2.7. Evaluation Metrics
As the focus lay on the inference of the detection models, several metrics were compared when running on the two platforms. Model accuracy metrics such as precision and recall, which were summarized by the average precision (AP) value and mean average precision (mAP) evaluated under different Intersection-over-Union (IoU) thresholds, and speed metrics such as inference time and frames per second (fps) were considered.
Precision measures how well the positive predictions match the ground truth.
Recall measures how many relevant predictions are made out of all predictions.
The average precision (AP) represents the weighted average of all precision values at each precision–recall curve threshold, where the weight is the increase in recall. This value summarizes the precision–recall curve into a single value.

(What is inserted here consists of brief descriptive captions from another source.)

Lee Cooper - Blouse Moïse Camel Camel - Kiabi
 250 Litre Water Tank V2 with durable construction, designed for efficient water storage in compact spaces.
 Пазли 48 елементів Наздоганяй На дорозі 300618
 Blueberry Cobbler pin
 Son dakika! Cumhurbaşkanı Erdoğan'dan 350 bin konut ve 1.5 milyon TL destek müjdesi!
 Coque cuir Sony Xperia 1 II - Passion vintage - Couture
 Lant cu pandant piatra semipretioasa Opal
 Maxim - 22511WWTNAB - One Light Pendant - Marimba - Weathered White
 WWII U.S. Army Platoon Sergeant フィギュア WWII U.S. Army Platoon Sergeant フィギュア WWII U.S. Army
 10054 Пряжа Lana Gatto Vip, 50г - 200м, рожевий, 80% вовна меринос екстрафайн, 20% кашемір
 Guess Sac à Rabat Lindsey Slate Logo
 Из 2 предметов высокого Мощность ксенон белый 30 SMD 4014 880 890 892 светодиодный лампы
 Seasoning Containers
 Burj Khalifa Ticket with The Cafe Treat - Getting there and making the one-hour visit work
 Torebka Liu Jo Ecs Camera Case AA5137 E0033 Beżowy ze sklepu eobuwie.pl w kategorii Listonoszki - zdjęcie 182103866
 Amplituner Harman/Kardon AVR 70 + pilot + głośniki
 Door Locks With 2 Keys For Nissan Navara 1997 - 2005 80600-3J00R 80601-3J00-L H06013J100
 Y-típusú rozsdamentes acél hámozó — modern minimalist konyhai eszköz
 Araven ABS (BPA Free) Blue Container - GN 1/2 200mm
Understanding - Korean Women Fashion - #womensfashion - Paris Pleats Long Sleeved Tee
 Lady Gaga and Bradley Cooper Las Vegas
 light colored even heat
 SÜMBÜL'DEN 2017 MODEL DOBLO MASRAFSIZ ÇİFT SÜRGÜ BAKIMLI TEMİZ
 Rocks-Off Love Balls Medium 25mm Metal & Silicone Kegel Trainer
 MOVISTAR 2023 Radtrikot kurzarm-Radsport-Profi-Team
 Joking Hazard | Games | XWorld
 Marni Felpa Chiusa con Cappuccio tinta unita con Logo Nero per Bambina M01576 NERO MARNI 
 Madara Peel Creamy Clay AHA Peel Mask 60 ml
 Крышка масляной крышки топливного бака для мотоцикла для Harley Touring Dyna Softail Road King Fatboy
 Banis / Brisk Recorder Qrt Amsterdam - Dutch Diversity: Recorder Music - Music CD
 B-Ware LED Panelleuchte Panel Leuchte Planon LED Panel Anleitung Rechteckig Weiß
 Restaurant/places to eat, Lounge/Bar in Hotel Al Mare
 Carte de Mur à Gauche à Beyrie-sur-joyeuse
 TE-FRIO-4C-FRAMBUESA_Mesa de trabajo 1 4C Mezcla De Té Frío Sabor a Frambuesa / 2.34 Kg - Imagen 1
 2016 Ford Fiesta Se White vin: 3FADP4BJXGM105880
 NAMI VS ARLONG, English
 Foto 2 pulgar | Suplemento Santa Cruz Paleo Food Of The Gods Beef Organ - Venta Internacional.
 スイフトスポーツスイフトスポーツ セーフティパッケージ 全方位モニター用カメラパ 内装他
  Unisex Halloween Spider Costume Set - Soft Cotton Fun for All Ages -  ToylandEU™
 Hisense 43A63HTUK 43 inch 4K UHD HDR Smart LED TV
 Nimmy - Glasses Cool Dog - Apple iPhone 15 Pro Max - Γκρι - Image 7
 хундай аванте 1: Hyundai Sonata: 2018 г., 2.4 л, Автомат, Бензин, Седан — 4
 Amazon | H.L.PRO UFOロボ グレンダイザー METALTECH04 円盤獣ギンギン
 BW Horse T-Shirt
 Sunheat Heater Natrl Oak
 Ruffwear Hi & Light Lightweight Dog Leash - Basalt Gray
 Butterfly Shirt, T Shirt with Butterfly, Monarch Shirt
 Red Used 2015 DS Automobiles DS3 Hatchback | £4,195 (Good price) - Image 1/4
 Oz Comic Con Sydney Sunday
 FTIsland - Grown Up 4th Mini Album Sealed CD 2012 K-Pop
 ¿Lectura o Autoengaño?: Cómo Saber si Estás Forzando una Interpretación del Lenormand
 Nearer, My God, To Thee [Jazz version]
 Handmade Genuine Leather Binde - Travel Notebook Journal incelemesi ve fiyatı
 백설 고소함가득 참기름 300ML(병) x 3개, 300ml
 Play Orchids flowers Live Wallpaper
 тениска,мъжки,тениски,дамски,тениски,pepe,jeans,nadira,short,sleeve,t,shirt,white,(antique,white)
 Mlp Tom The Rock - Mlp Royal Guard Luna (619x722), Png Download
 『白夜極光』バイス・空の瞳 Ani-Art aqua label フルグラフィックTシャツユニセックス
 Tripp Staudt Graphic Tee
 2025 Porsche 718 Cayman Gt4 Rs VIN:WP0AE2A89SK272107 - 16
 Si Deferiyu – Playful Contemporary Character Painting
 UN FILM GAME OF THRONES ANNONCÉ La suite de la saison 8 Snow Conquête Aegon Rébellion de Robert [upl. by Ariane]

The Intersection over Union (IoU) indicates the overlap of the predicted bounding box coordinates with the ground-truth box [
41], as shown in
Figure 12. When the predicted bounding box closely resembles the ground-truth box, the IoU is higher. In deep learning object detection models, multiple bounding boxes are predicted for objects, but only those with an IoU higher than a certain threshold are considered as positively predicted boxes.
The Mean average precision (mAP) represents the average of the weighted means of precision at each IoU threshold. It is calculated by averaging the average precision (AP) for each class across a number of classes.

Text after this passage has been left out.